When business is great, read socking it to the customer, corporations love to sing the supply & demand song as if it is a religion. But the reality is that we have an economic system where we have given them absolute power in which they are allowed the whatever-the-market-will-bear moniker to reign irrespective of how it hurts people.
Oil companies when demand is high have no restrictions on how much they charge the consumer. They take your money because they can. Even as that janitor, garbage collector, nurse, daycare worker, and many others’ budgets are strained they do not care. Nor do they give back rebates for their windfall.
The thing is, they have not even been good stewards of their windfall. They redistribute their windfall to shareholders, high paid executive bonuses, as even their employees are denied good medical coverage and a healthy working environment.
Now that people are home because of a pandemic, they want two things that they are channeling through our irresponsible commander-in-chief. They want stimulus money and they want people to go back to work prematurely risking their lives to refill their coffers.
If one wants to see how much money there is in oil and the pilfer on consumers just remember the volume we use and the EBITDA of these companies.

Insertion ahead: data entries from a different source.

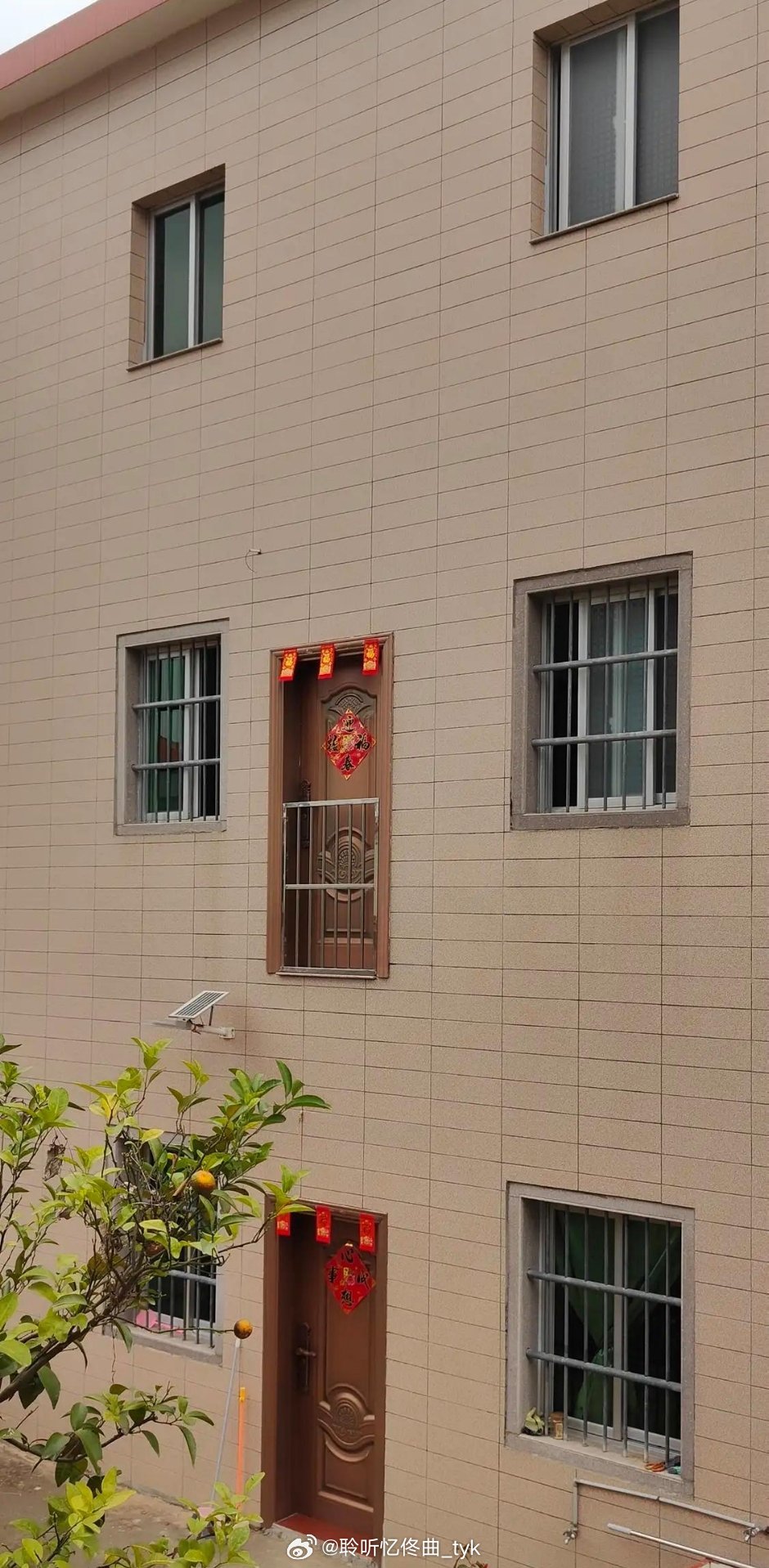 不懂就问，这两个门的作用是啥 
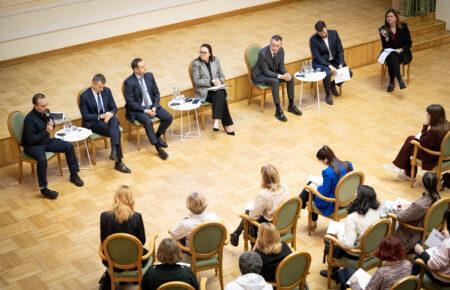 Яку фінансову допомогу зможуть отримати українці від держави: пояснили в Кабміні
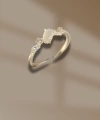 Shoecide Pirinç Gold Renk Zirkon Taşlı Oval Beyaz Mineli Kadın Yüzük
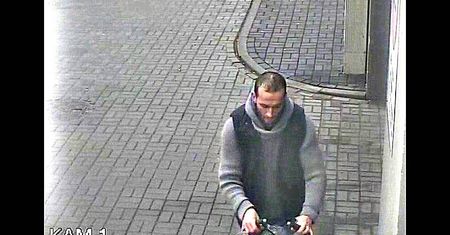 Złodziej bez skrupułów. Ukradł wózek dziecięcy z klatki schodowej. Szuka go policja (wideo)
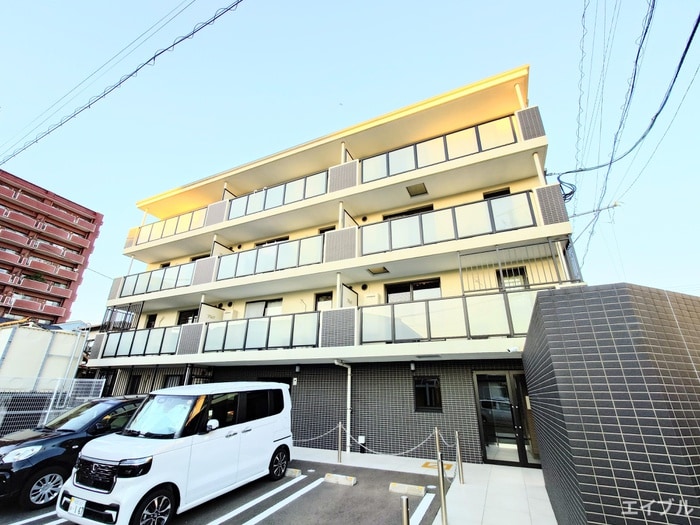 ソシオス春日駅前の物件外観写真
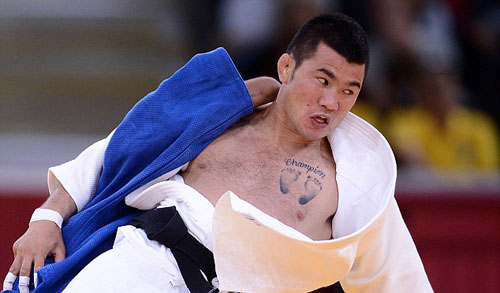 Cận cảnh hình xăm “độc” tại Olympic - 13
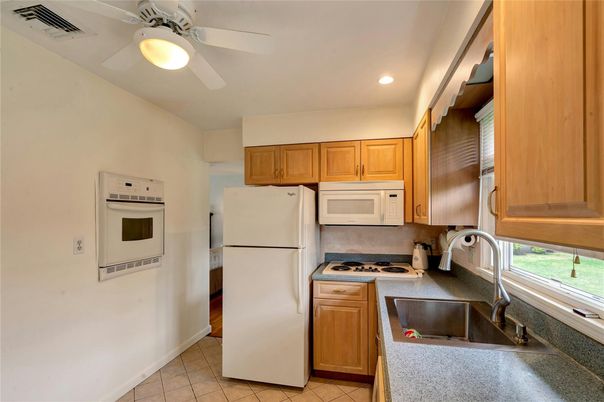 Interior, Kitchen, Recessed Lighting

Oil companies deserve no assistance. When have they supported policies to make the lives of Americans better? In fact, one finds them to be anathema to most because it hits their massive profits. Assist Americans and let them vote for the companies that they want via where they spend it. And if the oil companies balk, nationalize them.
Oil Plunges by Record to Below $11 With Storage Rapidly Filling – Bloomberg
Oil suffered its biggest one-day price plunge in the modern era, at one point crashing about 40% to below $11 a barrel as traders contended with an historic glut.
Despite OPEC+’s unprecedented output deal agreed a week ago, the oil market remains massively oversupplied as the lockdowns to fight the spread of the coronavirus reduce global crude demand by about a third. Storage tanks across the globe are rapidly filling, including at the key U.S. hub in Oklahoma.
“There is no limit to the downside to prices when inventories and pipelines are full,” tweeted Pierre Andurand, the head of the eponymous oil hedge fund. “Negative prices are possible,” he added.